Hydraulic structures

To produce a realistic simulation of actual physical conditions, you may need to account for man-made structures such bridges, sluice gates, culverts, pipes, and/or weirs.  With EFDC+, you can simulate these structures using a standard lookup table approach or take advantage of the enhanced EFDC+ feature that uses standard hydraulic equations of typical hydraulic structures to calculate the appropriate flow for each time step.

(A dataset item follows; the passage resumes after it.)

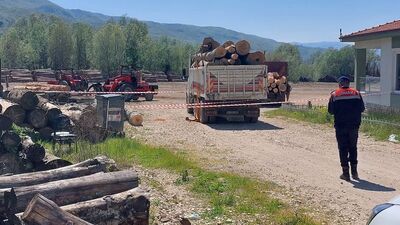 Üzerine tomruk devrilen işçi öldü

Dye flowing through a sluice gate.

Internal Wind-waves

One advantage of EFDC+ over the EPA version of EFDC is that EFDC+ incorporates a wind-wave sub-model. This allows for temporally and spatially varying wave conditions to be directly coupled to the EFDC+ hydrodynamics. In your EFDC+ model, you can choose to allow these conditions to impact just the bed shear stress or you can also model wave-generated currents by inclusion of the radiation shear stresses on the water column.

 

Wave Action

Waves action can have a significant impact on hydrodynamics and sediment transport. EFDC+ can be linked to external wave modeling results or you can compute wind-generated waves internally.

External Wave Linkage

EFDC+ has been enhanced to efficiently link to external wind models such as SWAN model output. As with the internal wind wave sub-model, you can choose to include or exclude wave-generated currents.